Similarly, today’s technology allows companies to rethink the way they distribute activity, and thus work, says John Healy, Vice President and Managing Director of the Office of the Future of Work at Kelly Services. “I think in many cases, we're still just replacing the steam engine,” says Healy. He thinks many companies are simply layering gadgets and AI on top of existing processes, thinking that will dramatically shift the way the work gets done. Instead, he stresses, the talent evolution should be about asking how we can change the way we work to create value. “We need to pause and say, ‘Wait a minute, I can look at this differently.’ We have to be willing to think bigger.”
That first step is, like Henry Ford suggested, redesigning process. “If your workforce planning only accounts for your full-time employees, you’ve got a problem. You need to change that macro. Look at it in a more holistic lens,” says Healy.
- Considering the magnitude of change that effectively operating a remote program entails.
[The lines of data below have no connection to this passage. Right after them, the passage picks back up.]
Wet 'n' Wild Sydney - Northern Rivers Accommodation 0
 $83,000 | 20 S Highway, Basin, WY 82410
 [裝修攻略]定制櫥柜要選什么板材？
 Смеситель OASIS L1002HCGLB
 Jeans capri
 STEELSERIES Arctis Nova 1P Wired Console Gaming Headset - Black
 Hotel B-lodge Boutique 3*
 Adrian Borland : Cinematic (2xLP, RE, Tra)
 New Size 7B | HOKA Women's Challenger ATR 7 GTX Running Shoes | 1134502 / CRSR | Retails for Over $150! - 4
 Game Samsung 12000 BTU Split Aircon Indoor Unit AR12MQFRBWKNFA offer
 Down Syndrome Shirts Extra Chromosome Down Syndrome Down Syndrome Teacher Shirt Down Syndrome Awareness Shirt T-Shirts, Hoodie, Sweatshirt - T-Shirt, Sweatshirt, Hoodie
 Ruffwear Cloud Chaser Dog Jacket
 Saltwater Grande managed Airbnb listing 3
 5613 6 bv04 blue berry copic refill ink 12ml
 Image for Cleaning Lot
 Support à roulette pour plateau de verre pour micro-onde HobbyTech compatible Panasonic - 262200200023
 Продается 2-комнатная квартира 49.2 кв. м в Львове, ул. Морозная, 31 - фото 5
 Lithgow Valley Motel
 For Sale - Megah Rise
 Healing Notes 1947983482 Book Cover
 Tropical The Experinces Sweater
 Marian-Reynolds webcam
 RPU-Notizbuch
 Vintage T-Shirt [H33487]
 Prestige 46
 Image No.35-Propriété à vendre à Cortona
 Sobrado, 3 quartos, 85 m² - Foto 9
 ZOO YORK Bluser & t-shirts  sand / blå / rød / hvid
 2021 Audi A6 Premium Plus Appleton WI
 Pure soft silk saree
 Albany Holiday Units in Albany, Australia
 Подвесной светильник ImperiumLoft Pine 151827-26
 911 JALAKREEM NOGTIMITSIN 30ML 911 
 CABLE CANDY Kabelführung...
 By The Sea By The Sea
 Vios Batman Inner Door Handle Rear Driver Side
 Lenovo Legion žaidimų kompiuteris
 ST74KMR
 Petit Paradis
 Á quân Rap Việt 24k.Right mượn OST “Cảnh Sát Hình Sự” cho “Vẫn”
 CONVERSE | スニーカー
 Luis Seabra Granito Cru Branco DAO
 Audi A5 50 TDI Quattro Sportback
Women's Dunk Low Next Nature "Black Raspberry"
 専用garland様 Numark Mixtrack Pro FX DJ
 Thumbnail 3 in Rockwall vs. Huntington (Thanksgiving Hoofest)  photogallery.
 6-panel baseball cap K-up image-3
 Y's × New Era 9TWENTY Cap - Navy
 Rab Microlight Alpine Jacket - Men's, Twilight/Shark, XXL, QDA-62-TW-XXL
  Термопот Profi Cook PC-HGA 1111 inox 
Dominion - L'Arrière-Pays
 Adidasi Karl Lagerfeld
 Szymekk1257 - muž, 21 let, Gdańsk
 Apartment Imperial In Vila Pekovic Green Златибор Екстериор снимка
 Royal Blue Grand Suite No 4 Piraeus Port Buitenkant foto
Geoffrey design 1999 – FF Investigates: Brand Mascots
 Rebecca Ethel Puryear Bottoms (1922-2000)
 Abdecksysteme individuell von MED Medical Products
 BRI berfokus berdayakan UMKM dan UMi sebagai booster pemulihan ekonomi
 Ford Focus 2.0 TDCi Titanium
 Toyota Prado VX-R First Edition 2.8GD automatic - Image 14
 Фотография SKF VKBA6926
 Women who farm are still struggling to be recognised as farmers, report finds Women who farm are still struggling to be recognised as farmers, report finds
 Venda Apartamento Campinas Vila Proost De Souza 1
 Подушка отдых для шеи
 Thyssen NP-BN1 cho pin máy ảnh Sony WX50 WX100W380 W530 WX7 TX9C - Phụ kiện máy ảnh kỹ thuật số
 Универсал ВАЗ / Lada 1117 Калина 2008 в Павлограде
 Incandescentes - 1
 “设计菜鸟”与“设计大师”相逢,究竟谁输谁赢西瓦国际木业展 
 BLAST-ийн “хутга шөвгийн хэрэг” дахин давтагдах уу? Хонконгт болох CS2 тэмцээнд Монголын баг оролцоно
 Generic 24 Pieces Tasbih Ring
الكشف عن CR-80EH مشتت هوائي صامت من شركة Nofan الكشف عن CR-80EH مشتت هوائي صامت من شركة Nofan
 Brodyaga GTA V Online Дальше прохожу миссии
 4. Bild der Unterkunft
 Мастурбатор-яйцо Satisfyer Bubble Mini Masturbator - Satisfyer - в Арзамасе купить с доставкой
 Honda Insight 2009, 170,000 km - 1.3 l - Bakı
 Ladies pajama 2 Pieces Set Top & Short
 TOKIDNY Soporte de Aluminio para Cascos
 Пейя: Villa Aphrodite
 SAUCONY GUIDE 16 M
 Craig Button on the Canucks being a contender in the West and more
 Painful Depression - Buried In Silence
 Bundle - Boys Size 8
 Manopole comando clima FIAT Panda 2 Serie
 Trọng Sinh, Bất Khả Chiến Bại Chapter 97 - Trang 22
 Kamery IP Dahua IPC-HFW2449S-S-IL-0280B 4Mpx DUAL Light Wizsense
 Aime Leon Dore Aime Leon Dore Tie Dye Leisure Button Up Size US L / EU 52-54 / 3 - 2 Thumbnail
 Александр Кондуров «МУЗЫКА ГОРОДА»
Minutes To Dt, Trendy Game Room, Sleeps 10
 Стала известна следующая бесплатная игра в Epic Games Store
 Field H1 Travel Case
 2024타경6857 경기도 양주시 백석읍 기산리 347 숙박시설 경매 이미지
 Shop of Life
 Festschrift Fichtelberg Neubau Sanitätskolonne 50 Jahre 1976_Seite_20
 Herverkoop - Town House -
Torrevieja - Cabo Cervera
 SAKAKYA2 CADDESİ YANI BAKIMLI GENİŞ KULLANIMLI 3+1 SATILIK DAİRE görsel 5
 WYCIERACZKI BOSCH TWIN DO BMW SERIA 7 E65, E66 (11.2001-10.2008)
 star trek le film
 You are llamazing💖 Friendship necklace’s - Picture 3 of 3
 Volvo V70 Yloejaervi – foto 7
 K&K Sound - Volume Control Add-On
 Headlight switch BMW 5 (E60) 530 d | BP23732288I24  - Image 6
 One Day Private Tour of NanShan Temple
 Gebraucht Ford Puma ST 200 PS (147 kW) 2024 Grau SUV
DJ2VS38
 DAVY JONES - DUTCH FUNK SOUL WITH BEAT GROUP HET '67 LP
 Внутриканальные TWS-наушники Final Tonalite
- Reevaluating processes for hiring remote talent, including the partners who help source global talent.
- Revising processes for managing remote teams.
Change involves risk. But so does maintaining the status quo. Ultimately, the company-talent equation is being rebalanced, and we have yet to see where it lands. The danger for companies that are hesitant to fully embrace remote talent—either full-time or freelance—comes when the supply of skilled workers dips below demand. It’s already happened, and now the talent get to define how they want to work.
Many countries are already mandating remote work options for employees, though they’re not always exercised. According to The International Workplace Group’s 2019 Workplace Study:
- Norway’s Working Environment Act offers the right to flexible working hours.
- Australia’s Fair Work Act enables negotiating working conditions that suit both employer and employee.
- The United Kingdom allows all employees who have worked for the same employer for at least 26 weeks to apply for flexible working.
- Italy protects the equality of remote workers, as long as they’re doing the same work.
- Belgium’s Workable and Flexible Work Act regulates remote work.
“My prediction is that the future is, increasingly, distributed teams,” says Francis. It will be an exercise in learning, however. “Companies that resist remote programs will have a tougher time hiring that highest-quality talent they’re looking for,” he says. “The ship has already started to sail. Companies that don’t offer remote work options are basically excluding themselves from an increasingly large number of people that prefer to work that way. I think candidates are going to evaluate employers on that, even if they're in the same town. If a company isn’t flexible, that's going to indicate to a candidate that this might not be the kind of company that he or she even wants to go work for in the first place.”
These companies also risk losing existing talent that’s looking for more flexibility. “It's not just the youth movement driving this change,” notes Healy. “It's also that 50- to 70-year-old who's saying, ‘I'm going to go do what's right for me and my family right now.’ All of those norms are changing.”
Despite its challenges, remote work has enormous implications for the future. “I don't ever hear people talking about their incumbent supply chain with this level of passion,” says Francis. “But when you talk to people who are architecting this new freelancer platform or a new remote work platform, people are crazy passionate about it. They turn into evangelists.”
Both large organizations and skilled talent will continue to drive the remote workforce. As the nature of work continues to evolve, companies will continue to redefine what excellent collaboration and innovation looks like. Ultimately, accessing the global talent pool remotely will shepherd global companies towards massive opportunities for digital transformation.